Research values

Science is facing a reproducibility crisis: the findings of many scientific studies across disciplines cannot be reproduced. Causes of irreproducibility are varied and include publication biases, questionable research practices (such as using inappropriate controls, inadequate statistical analyses and p-hacking), poor documentation practices, a lack of accessible raw data, and, in some cases, scientific misconduct and fraud (plenty of papers on this, see e.g. Bausell, Mikayawa and Elliott).

Scientists are developing solutions to address this crisis: increasing research rigour, encouraging Open Science and improving the infrastructure supporting the reuse of scientific data: data should be findable, accessible, interoperable and reproducible according to the FAIR principles.

When conducting research, I aim to embrace these principles and adhere to Open Science practices wherever possible.

To avoid p-hacking, overreliance on arbitrary thresholds and misinterpretation of results, most analyses in my PhD were conducted within a Bayesian framework. Bayesian statistics emphasise parameter estimation and uncertainty quantification rather than frequentist null-hypothesis testing and p-values. I chose to use a Bayesian approach because it provides full posterior distributions of parameter estimates and a more intuitive quantification of uncertainty. While Bayesian statistics have their own limitations, evidence suggests that they can reduce effect size estimation and thereby contribute to alleviating the reproducibility crisis.

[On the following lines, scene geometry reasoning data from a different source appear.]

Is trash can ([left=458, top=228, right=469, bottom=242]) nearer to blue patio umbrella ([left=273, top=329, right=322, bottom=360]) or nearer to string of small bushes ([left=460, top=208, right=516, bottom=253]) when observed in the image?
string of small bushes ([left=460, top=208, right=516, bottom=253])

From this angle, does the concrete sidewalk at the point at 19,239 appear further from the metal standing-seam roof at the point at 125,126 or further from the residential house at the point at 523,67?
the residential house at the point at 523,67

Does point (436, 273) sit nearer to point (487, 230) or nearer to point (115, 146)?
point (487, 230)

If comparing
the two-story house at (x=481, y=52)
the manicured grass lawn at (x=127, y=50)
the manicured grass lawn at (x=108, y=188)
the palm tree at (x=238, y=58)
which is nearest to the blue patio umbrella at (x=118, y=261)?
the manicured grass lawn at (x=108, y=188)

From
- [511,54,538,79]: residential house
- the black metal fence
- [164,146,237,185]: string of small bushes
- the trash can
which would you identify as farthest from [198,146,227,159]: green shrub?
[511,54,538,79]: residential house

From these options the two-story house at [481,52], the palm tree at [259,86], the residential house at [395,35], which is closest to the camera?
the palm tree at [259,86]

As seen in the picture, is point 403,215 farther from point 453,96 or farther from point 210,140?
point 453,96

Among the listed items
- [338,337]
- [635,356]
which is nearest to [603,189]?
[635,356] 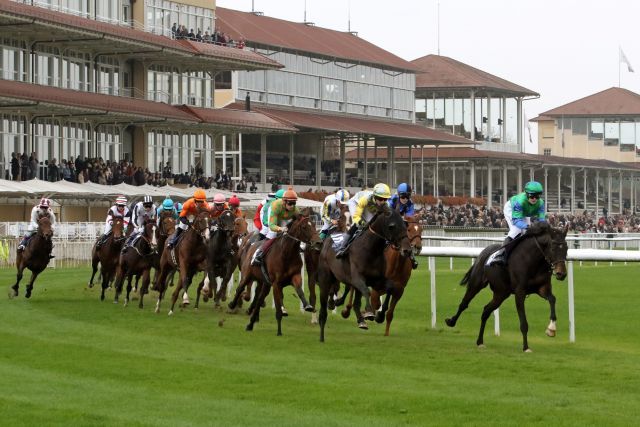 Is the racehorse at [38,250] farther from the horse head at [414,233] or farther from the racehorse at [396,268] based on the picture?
the horse head at [414,233]

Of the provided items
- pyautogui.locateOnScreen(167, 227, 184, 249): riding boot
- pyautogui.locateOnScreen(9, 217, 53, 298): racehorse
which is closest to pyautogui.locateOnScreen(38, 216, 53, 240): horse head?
pyautogui.locateOnScreen(9, 217, 53, 298): racehorse

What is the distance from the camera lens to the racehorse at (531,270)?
14070mm

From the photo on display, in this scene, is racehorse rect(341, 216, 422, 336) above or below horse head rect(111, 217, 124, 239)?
below

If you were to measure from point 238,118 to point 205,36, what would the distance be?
144 inches

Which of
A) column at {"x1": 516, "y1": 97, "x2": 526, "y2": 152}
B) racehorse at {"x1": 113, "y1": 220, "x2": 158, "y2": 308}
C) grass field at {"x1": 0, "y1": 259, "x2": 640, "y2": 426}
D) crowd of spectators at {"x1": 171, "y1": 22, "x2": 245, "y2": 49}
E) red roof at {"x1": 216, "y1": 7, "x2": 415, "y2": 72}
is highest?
red roof at {"x1": 216, "y1": 7, "x2": 415, "y2": 72}

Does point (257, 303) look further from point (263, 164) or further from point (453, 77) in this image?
point (453, 77)

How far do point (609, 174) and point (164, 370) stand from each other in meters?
74.6

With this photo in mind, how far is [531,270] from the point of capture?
14.4 m

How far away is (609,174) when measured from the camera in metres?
84.3

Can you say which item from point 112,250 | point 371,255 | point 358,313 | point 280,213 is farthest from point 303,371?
point 112,250

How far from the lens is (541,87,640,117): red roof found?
310 feet

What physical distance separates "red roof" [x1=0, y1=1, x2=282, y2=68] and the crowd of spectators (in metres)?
0.72

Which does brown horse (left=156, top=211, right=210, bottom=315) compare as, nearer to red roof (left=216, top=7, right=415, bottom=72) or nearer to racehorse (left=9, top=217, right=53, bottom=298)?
racehorse (left=9, top=217, right=53, bottom=298)

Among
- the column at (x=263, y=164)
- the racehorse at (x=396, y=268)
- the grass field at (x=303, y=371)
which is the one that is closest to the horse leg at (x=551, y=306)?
the grass field at (x=303, y=371) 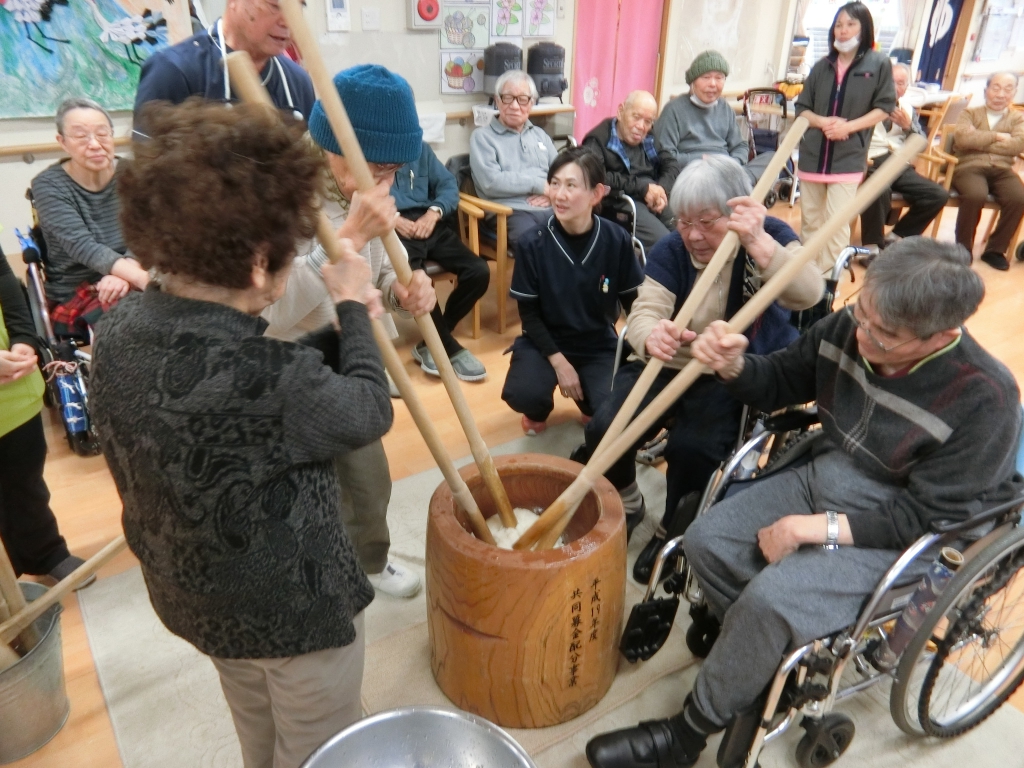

To ensure transparency, all data underlying my PhD chapters have been made publicly available via GitHub and NCBI. Almost all analyses were conducted using code-based approaches rather than point-and-click software which is difficult to document. All code has been archived on GitHub, Zenodo and/or Figshare. In addition, all bioinformatic pipelines were implemented using Snakemake, a workflow management system that explicitly defines dependences and execution rules, ensuring analyses can be repeated, shared and adapted across computing environments, thus enhancing reproducibility and interoperability.

Finally, I recognise that science benefits from embracing the diverse perspectives and contributions of researchers across genders, ethnicities, sexual orientations and other social identities. Throughout my PhD, I have sought to make science more inclusive by quantifying the barriers that researchers face, critically assessing the knowledge gaps shaped by the social-political context of sexual selection theory, and ensuring that all my publications are Open Access – helping to bridge the divide between the global North and South (alongside the many other academic, economic and societal advantages of publishing Open Access).